The Beverly Hills Main Post Office is a textbook example of the Renaissance Revival style. The front elevation is marked by alternately arched and triangle-pedimented windows, and a rusticated terracotta beltcourse and quoining. The lobby is finished with marble veneer, and has a verde marble floor. Several Treasury Section of Fine Arts murals are placed in the public lobby.

LOCAL CONTEXT

Beverly Hills is an incorporated city of 32,000 located in the western portion of Los Angeles County. Famous worldwide as a wealthy residential enclave within the Los Angeles metropolis, the city was founded by the Rodeo Land and Water Company as "City for the Swell" and incorporated in 1914.
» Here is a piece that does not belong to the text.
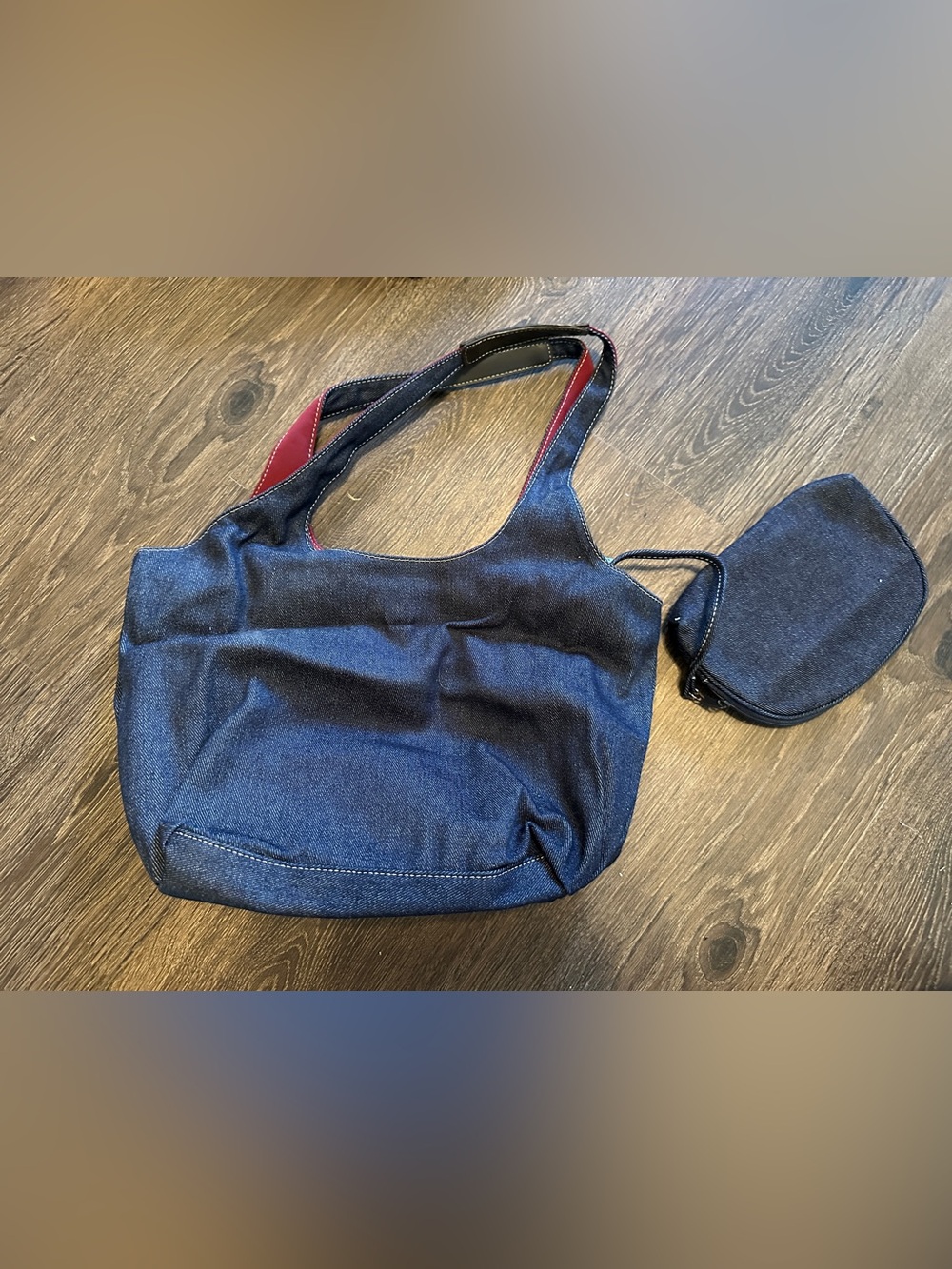 Y2K Nine West Denim With Mirrored Cosmetic Pouch Bag Handbag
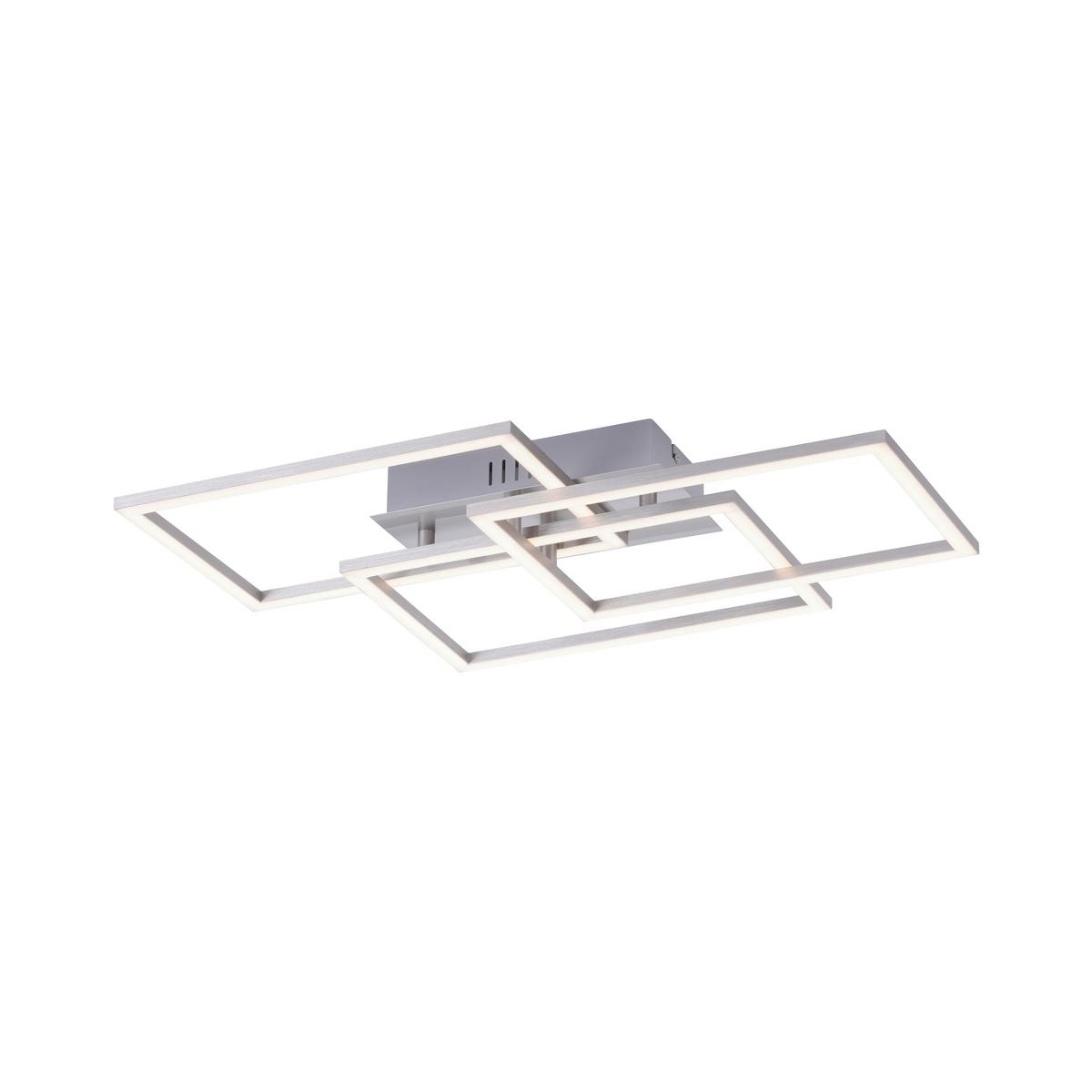 LED-Deckenleuchte Iven L: 54 cm dimmbar mit Memory-Funktion - Alufarben, Design, Kunststoff/Metall (54/33,5/7,5cm)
Will Rogers, in a 1930 letter to Secretary of the Treasury Andrew Mellon, asked for a new Beverly Hills post office, as "...we are getting a lot of mail out here now, and they are handling it in a tent". Whatever real impact his request had, he is locally credited with winning the new facility from Washington, D.C.

Directly east of the post office site is the Beverly Hills City Hall- a classic Spanish Renaissance structure built in 1932 and designed by William J. Gage in a magnificent style not typical of those Depression-era days.

No known archaeologic resources exist within or adjacent to the subject property. Subsurface investigation or additional research does not appear justified.